What constitutes an “advanced” yoga practice? A lot of people think that an advanced yogi is someone who attends the hardest (i.e., the most physically demanding) yoga classes in town, and has mastered difficult backbends, inversions, and other Cirque du Soleil tricks. I certainly used to think like this, and am still sometimes prone to do so. Over the past year, though, several considerations have forced me to reevaluate my conception of advanced yoga.
First, after having suffered a number of injuries (typical stuff: wrists, knees, neck, shoulder), I’ve come to realize that a “hardcore” yoga practice is not necessarily sustainable in the long term. The body is simply not designed to do, say, 40 handstands and 40 arm balances every single day. Besides, if physical strenuousness were the true measure of an advanced yoga practice, then it would follow that only super-athletic people in their 20s and 30s could be advanced yogis. But this is clearly not the case. The best yoga teachers in the world–i.e., those with the most experience and knowledge–are mostly in their 40s, 50s, and well beyond. (B.K.S. Iyengar is 91!)

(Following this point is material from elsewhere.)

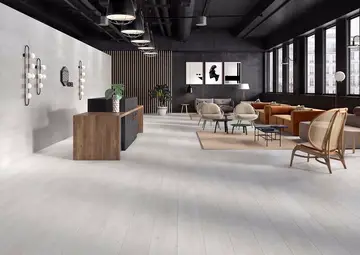 Tacora — интерьер 2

Yoga is not all about the physical, despite the fact that many super-athletic people in Level 2-3 and 3-4 classes see yoga as nothing more than exercise. It’s striking to see how many of these so-called advanced yogis are totally obsessed with their bodies, both in terms of what their bodies can do and what their bodies look like. Oftentimes, this leads to a highly competitive environment where everyone is trying to outdo everyone else with greater and more astonishing physical feats. I used to practice in such an environment, which is how I learned how to do many of the acrobatic stunts I did for my Digital Asana Project. Nowadays I rarely practice like this, partly because there are no classes in Bloomington that are taught in this way, and partly because my wrists can’t really handle it anymore. More importantly, though, I’m finding there’s far more to an advanced yoga practice than just sweating a lot and getting toned muscles.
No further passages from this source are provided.